Le problème n°1 reste malgré tout le manque d'emplois…
De Phil2922
Retraite invalidité | 10H06 | 02/09/2009 |
On supprime des emplois dans les missions locales et on fait appel à des bénévoles pour parrainer des jeunes. Vous ne trouvez pas qu'il y a quelque chose qui cloche… ? !
http://phil195829.overblog.com
De Marcantoines
trouveur | 10H09 | 02/09/2009 |
Excellent commentaire.
Il y a une réelle difficulté dans ce pays à trouver une adéquation entre les études et la vie professionnelle.
Ceci est d'autant plus vrai que la crise économique est profonde.
Totalement démoralisant pour un parrain ou un enseignant du supérieur de constater que le diplômé ne trouve pas de boulot, faute d'entreprises existantes….Ou alors, il faut s'expatrier…
Et que pensez des filières, parfois longues, qui ne mènent à rien. Exemple psycho machintruc…
Lorsqu'il n'y aura plus que des avocats, des notaires et des médecins…le parrainage ne servira plus à grand chose.
Je suis écoeuré de voir qu'il existe trop peu de règles d'orientation et de sélection des étudiants, que les relations université- industrie sont pratiquement inexistantes, et que de nombreux domaines scientifiques sont trop peu exploités. ( micro électronique, environnement, bio informatique, robotique, …).

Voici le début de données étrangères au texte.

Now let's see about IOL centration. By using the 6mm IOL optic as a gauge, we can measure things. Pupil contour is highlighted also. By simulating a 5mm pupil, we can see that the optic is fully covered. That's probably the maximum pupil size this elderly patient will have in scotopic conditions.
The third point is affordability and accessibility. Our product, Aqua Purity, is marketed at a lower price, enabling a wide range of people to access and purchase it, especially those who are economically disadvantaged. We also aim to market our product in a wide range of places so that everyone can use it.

Trop dur d'être parrain dans cette France improductive !
à Marcantoines
De karlM
10H39 | 02/09/2009 |
les études doivent d'abord être là pour se faire plaisir….
La psycho comme la philo devrait être obligatoire pour que nos Technoscientistes n'oublient pas l'humain derrière leurs puces, leurs nano, leurs OGM qui polluent, surveillent, enchainent plus qu'elles ne libèrent.

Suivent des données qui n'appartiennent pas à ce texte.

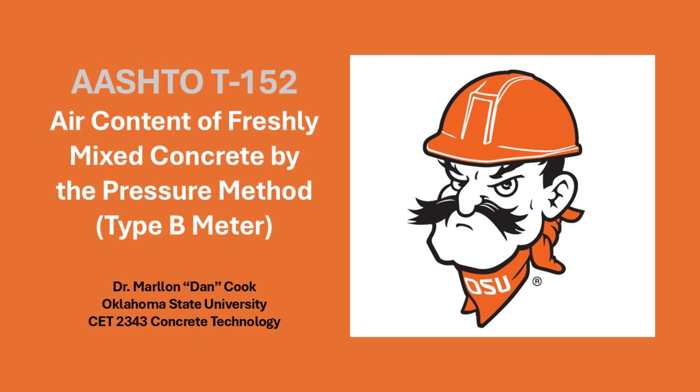AASHTO T152 covers determination of the air content of freshly mixed concrete by observing the change in volume of concrete with a change in pressure. We will be demonstrating the use of the Type B meter.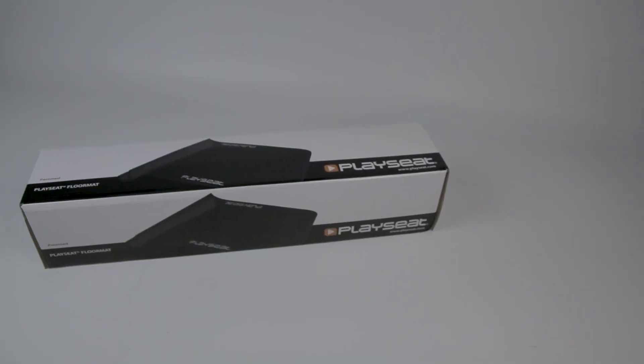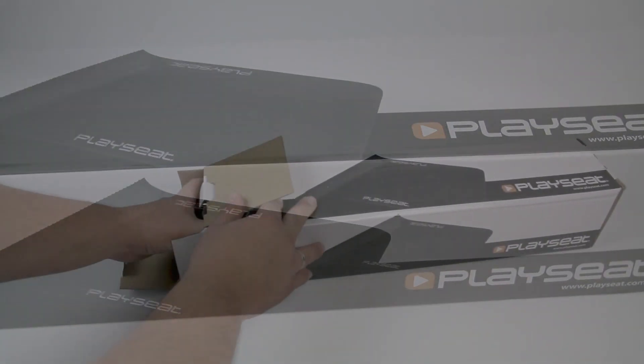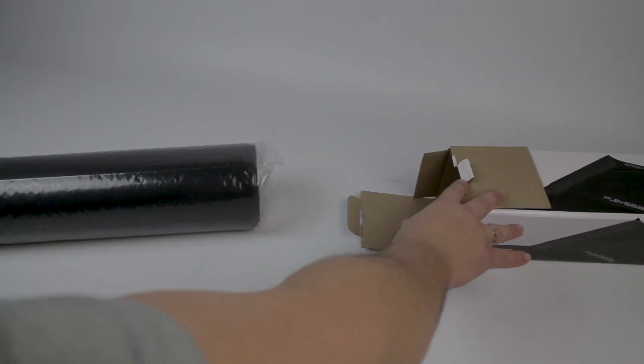The box reveals its contents with nicely printed images all over. We open it up on the side and slide out the rolled up floor mat that's wrapped up in a plastic bag.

Quand au travail, y en a à foison, 10 MILLIONS DE LOGEMENT À RÉNOVER, des gens à aider, des associations à faire tourner mais comme l'idéologie de l'argent rare domine….
à karlM
De Keldan
Polytoxicomane à temps partiel | 11H16 | 02/09/2009 |
les études doivent d'abord être là pour se faire plaisir….

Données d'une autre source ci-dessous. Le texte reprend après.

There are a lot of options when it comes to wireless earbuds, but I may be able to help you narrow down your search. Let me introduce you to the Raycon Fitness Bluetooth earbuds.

oula… c'est surtout un coup à crever la dalle…
Avant tout, les études ça sert à trouver du boulot qui sert à gagner du fric qui sert à dormir au chaud et avoir l'estomac plein.
Une fois que ces besoins primaires sont réglés, on peut se faire plaisir et étudier ce qu'on veut.
Certes faut pas non plus aller dans un truc qu'on déteste et se faire chier toute sa vie. Mais pour un mec qui a une âme de littéraire a quand même beaucoup plus de chance de devoir se prostituer pour survivre s'il étudie la littérature romantique italienne du 16ème siècle plutôt que s'il part dans la traduction, le droit et autre filière qui apprenne des choses professionnellement utile.
C'est comme la philo obligatoire (pourquoi, ça l'est plus en terminale ? ), c'est une perte de temps et un emmerdement de premier ordre.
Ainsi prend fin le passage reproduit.